Our Shared Heritage in NHLs
In the summer of 1741, Russian explorers got their first glimpse of Alaska. They were in a race against England, France, and Spain to claim territory in the Americas for commercial resources. Sea otter, fur seal, and fox furs were Russia's main interest in Alaska. Their strategy in the Aleutians was to kidnap Unangax (Aleut) women and children thereby forcing men to mass harvest animals if they wanted to see their families. Distracted by the brutality of the Russians, the time spent hunting for commercial pelts, and the fatalities in their communities from introduced diseases, Unangax communities struggled to survive.
The first permanent Russian post in Alaska was established on Kodiak Island in 1784. There, and elsewhere in Alaska, Russian colonizers alternated between bloody battles with Alaska's people and relying heavily on them for food. Alutiiq from Kodiak archipelago, Tlingit from southeastern Alaska, and Dena'ina from the Alaska Peninsula successfully defended their land and families from Russian control for many years but were eventually defeated as Russia continued to send more armaments.
By 1799, the Russian-American Co. controlled all Russian interest in Alaska, including north along the Bering Coast and 500 miles up the Yukon River into interior Alaska. As much as 23 Russian trading posts were established all over the region. St. Paul Island (part of the Seal Islands Historic District National Historic Landmark) and Sitka were the booming Russian towns of the period.

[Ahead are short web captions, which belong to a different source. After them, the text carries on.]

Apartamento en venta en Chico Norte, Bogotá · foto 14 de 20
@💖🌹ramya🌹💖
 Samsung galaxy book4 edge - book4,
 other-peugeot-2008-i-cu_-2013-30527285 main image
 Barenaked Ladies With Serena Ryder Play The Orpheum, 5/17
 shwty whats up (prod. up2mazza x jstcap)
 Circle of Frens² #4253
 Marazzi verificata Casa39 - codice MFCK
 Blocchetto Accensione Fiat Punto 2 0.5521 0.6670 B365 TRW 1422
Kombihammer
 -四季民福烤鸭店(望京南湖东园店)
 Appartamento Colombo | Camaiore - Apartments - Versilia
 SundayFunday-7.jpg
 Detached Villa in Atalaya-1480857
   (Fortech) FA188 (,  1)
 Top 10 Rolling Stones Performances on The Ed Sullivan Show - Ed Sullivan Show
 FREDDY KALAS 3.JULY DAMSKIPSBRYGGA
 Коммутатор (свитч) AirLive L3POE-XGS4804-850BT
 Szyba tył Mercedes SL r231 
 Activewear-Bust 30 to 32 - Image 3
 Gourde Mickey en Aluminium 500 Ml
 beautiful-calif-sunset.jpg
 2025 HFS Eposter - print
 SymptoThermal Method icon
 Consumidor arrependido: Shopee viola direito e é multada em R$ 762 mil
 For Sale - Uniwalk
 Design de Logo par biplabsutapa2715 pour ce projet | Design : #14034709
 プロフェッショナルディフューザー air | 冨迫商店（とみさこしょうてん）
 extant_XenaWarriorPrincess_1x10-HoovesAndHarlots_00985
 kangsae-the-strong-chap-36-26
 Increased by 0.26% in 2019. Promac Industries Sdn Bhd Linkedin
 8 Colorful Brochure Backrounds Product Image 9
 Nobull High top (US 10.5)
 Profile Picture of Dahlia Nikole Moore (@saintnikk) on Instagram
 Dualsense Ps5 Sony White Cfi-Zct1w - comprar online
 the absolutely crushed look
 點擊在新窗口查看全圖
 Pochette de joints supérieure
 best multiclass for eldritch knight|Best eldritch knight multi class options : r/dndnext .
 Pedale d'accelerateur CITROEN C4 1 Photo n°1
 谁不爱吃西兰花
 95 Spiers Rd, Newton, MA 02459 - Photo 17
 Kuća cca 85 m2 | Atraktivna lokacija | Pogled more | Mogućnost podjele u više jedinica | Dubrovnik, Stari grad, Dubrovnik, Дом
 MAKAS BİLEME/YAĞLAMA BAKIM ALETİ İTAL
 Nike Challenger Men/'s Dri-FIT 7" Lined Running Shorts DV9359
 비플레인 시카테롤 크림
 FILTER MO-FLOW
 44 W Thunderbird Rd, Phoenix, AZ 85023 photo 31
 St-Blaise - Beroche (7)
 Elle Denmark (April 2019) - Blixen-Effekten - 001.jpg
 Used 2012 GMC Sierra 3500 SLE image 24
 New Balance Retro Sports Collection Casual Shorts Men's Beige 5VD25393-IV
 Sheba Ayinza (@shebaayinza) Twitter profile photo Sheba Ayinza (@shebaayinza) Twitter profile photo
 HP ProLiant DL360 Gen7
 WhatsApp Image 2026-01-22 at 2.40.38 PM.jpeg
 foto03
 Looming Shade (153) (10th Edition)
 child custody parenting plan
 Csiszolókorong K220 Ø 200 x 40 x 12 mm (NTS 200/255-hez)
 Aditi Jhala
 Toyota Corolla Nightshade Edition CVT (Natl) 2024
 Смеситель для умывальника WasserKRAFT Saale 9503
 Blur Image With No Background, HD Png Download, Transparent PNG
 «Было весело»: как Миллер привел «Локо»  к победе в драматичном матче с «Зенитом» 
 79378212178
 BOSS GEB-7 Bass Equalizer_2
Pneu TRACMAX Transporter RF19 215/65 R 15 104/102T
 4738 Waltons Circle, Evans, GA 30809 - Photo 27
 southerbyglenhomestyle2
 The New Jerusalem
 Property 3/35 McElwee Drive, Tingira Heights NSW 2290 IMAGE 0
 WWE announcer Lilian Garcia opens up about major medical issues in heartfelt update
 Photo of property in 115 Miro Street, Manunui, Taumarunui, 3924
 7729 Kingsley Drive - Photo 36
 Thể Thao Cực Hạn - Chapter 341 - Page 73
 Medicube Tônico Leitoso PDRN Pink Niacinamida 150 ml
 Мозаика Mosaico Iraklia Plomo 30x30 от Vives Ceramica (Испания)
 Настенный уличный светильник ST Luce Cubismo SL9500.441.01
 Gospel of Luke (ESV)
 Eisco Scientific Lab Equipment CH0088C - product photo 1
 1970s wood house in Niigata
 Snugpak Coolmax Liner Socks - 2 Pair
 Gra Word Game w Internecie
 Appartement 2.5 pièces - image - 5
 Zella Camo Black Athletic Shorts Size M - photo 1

Russian Orthodox missionaries, first arriving around 1794, began a systematic effort to convert Alaska. Previously, Russian explorers had introduced Alaska Natives to their Orthodox beliefs and many had already converted. The most well-known missionary effort, by Father Ioann Veniaminov, began in 1823 in the Aleutians. He developed a written form of Unangax language, using Cyrillic characters, to translate the Bible and church material. He became fluent in six Alaska languages and wrote studies on the Unangan and Tlingit languages. Father Veniaminov eventually reached the highest level in the Orthodox Church, the Metropolitan of Moscow, and was canonized as a saint in the 20th century.
The first Russian church, the Holy Resurrection Church on Kodiak, was constructed in 1795. It included a school house and offered bilingual programs, thus serving to help preserve Native language in Alaska. The Orthodox Church in Alaska remains integral to many families today.